Everything that you do, personally or professionally, will fall into one of four buckets: Slow Success, Fast Success, Slow Failure, or Fast Failure. (Spoiler alert: if you do nothing else, avoid Slow Failure as much as possible).
" There are no shortcuts to any place worth going." - Beverly Sills
You do not and cannot plan for Fast Success. If you do, you will not achieve it. It's foolish to assume it will happen because 99.99 percent of the time, it doesn't (and won't). On the exceedingly rare occasion it does, you're an outlier, a lottery winner, you were struck by lightning and this post isn't meant for you (congratulations!). Think Instagram, which Facebook snapped up for a cool $1B a mere 19 months after it started and YouTube, which saw its first video go up in April of 2005 and then - 19 months later - pulled in $1.65B in its sale to Google.
"Failure should be our teacher, not our undertaker. Failure is delay, not defeat. It is a temporary detour, not a dead end. Failure is something we can avoid only by saying nothing, doing nothing, and being nothing." - Denis Waitley
Anything substantive and worth having professionally typically comes after lots and lots of failures, both large and small. Fast failure is a perfectly reasonable and normal outcome of effort. Call it the growing pains of professional success, where the real learning takes place. In fact, you could take it one step further and look at fast failure as success. Failing quickly - whether it's a relationship, an experiment, a role, a company or a product idea - is ultimately a blessing. You're killing it at understanding what will not work - and consequently, you'll be more attuned to what success really looks like.

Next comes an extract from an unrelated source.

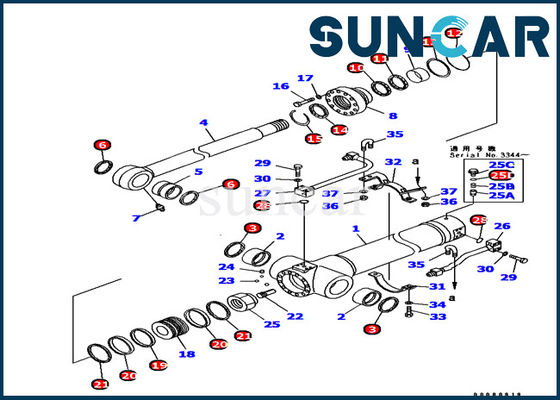 satın al PC128UU-1 Ekskavatör 707-99-38710 Komatsu Kol Silindir Sızdırmazlık Kiti Ekipman İç Parçaları online manufacture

"Perseverance is the hard work you do after you get tired of doing the hard work you already did." - Newt Gingrich
Almost anything worth doing is in this category. You work hard over an extended period of time and make steady progress against whatever the particular goal is that you are trying to achieve. Each day you're slightly better than the last and the sum of your incremental gains becomes something great, something you can call a success. Like the tortoise in the fable, slow and steady will win out: the general trend will be measured, consistent, and up and to the right.
Uber and Facebook are classic examples of slow success, though they're often mistaken as meteoric in their respective rises. Yes, in the world of multi-billion dollar companies, both achieved incredibly high value relatively early on. But it wasn't overnight and both had years of fast failures to find the right fit before becoming the large and successful companies they are today.
"Stagnation is a slow death." - Ellen Hopkins
Slow failure happens when we're scared to face the truth because doing so will force us to make a move. If you've been complaining about your boss or job for years, nothing's going to change. If you've been waiting for that friend in your life to finally start treating you with the respect you deserve, it's unlikely to happen. Time is your most precious commodity. Cut your losses now. Don't get caught in the trap of slow failure.
You'll find one of two things will happen. You'll either make a change (pivot, build a new product, hire a new person) and the anticipated outcome will change. Or you'll call it a day and take another path that will likely lead to slow success.
Ultimately, fail fast and succeed slow but be brave enough to reject slow failure at all costs. This is really, at its core, about your life - the only one you have - and it's damn short. Take heart, take courage and inspiration from those whose paths you admire - and don't be deterred by fast failure. Learn, adjust and win.